# PROBLEM STATEMENT
Extract the full listing verbatim and drop any pictures from your copy.
*** SOURCE DATA Section Begins ***
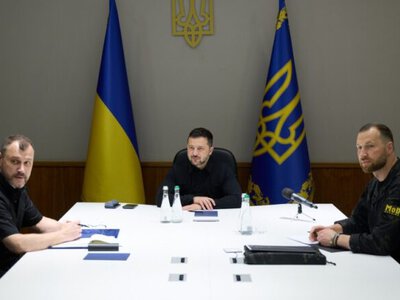 Зеленский: Украинские военные восстановили контроль над 26 населёнными пунктами на Александровском направлении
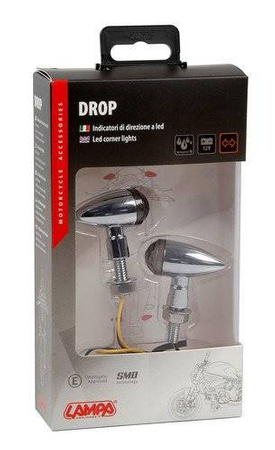 LAMPA 90483 Drop kierunkowskazy - chrom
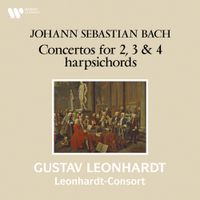 Gustav Leonhardt - Concertos for 2, 3 & 4 Harpsichords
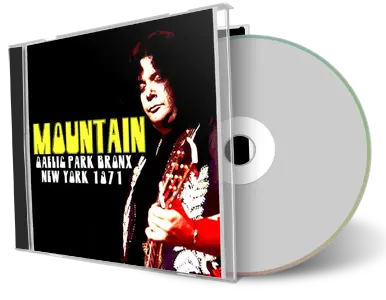 Artwork Cover of Mountain 1971-07-23 CD Bronx Audience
*** SOURCE DATA Section Ends ***
# RESULT BELOW
 Зеленский: Украинские военные восстановили контроль над 26 населёнными пунктами на Александровском направлении
 LAMPA 90483 Drop kierunkowskazy - chrom
 Gustav Leonhardt - Concertos for 2, 3 & 4 Harpsichords
 Artwork Cover of Mountain 1971-07-23 CD Bronx Audience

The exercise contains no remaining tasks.